For the historic preservation advocates reading this, take comfort in the fact that it seems that Union Station Alliance and RTD have taken every effort to protect the historic elements within the building. From columns and staircase railings to arch detail and crown moldings, historic elements present before the renovation will still adorn the historic structure after completion.
A casualty of modern building and safety codes are staircases such as those inside Denver Union Station that lead to the upper floors. Don’t fret – they’re not being removed or modified in any significant way, but there are other staircases being constructed that meet fire safety standards. To construct a stairwell in an existing structure is difficult, as you could probably imagine. There’s a lot of demolition and reconstruction as they are constructed.

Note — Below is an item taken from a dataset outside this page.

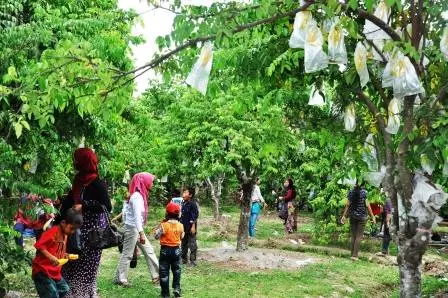 AgroWisata Kebun Belimbing Ngringinrejo Bojonegoro 1 Agrowisata belimbing ngringinrejo bojonegoro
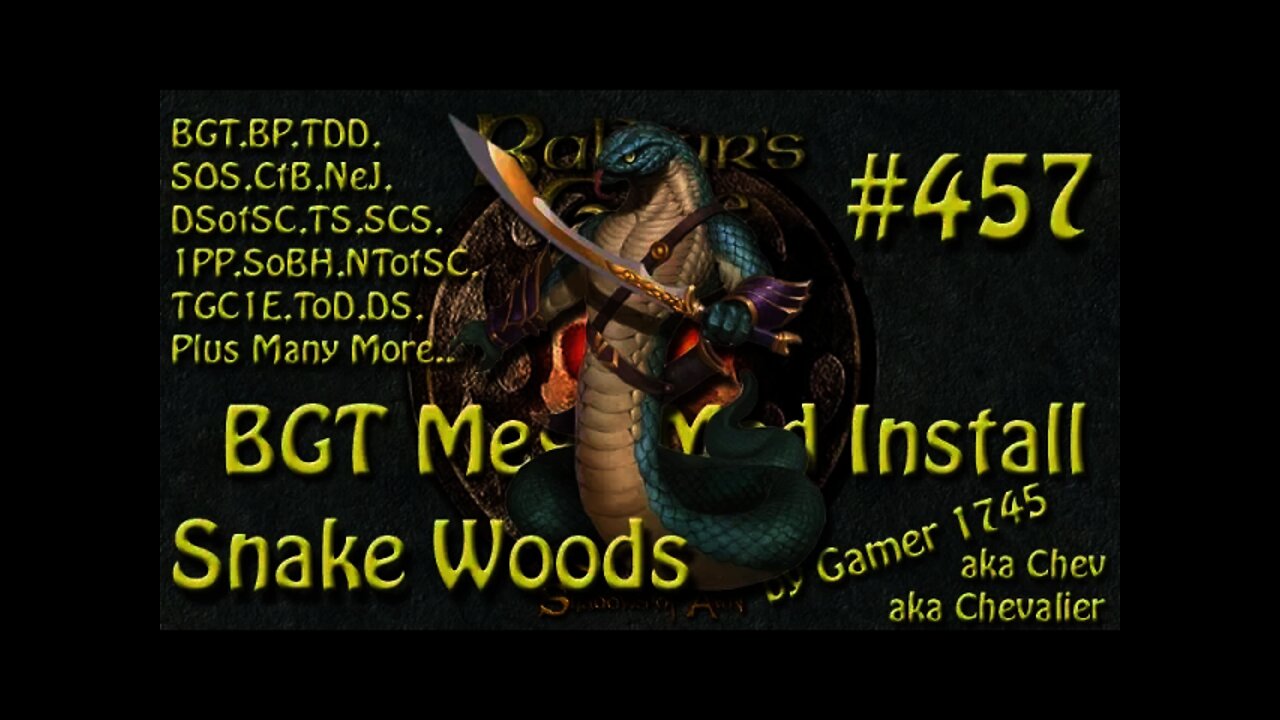 Let's Play Baldur's Gate Trilogy Mega Mod Part 457 Snake Woods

Denver Union Station has very ornate historic staircases leading to the upper floors. Luckily, these staircases aren’t going anywhere. They have been identified as historic elements so they are being preserved. As you can see in the pictures, crews are making every effort to ensure they make it through the renovation with no accidental damage.
As I mentioned before, the hotel will have 112 rooms, 90 of which will be unique sizes (yes, 90 – that wasn’t a typo). Only 22 of the rooms will have a twin somewhere else in the building. Even the attic of Denver Union Station is being converted in hotel rooms. Not many have been up here before and you can see why in the pictures below. There are awkward roof lines and little ventilation. This will change as a few additional dormers are added to the building as the hotel rooms are constructed. The attic will host some of the larger rooms in the hotel as rooms will be longer to make sure that every room has a window, as required by code. Obviously, there’s a lot of work to do before that happens, but construction is well under way. The large, angled beams will be integrated into the hotel rooms, serving as a nod to the building’s historic past.
For those who have been in the basement at Denver Union Station may remember a space that looks very different than it does today. What used to be the home of the model railroad exhibit is being transformed into conference space and home to other essential hotel functions. Additionally, Amtrak will have administrative space in the basement. A lot of work has gone into shoring up the foundations down here as well. Crews have been busy installing reinforcing concrete and large steel beams to help support the structure above. A lot of excavation work has occurred as well to help clear the space, even turning up the bones of what Union Station Alliance believe was a horse – and no, they have no idea how that got down there.
Retail is included as part of the Denver Union Station renovations. As announced by Larimer Associates in May, Denver favorites Snooze and The Kitchen will be opening locations at Denver Union Station in addition to a restaurant and market concept by Alex Seidel. These will be located on the ground floors of the north and south wings. Construction of the retail spaces has opened up the wing buildings into very large and inviting spaces. The posts lining the center of the room will remain as well.
Construction will continue through the fall as rooms are constructed and the Union Station Hotel will open in the summer of 2014!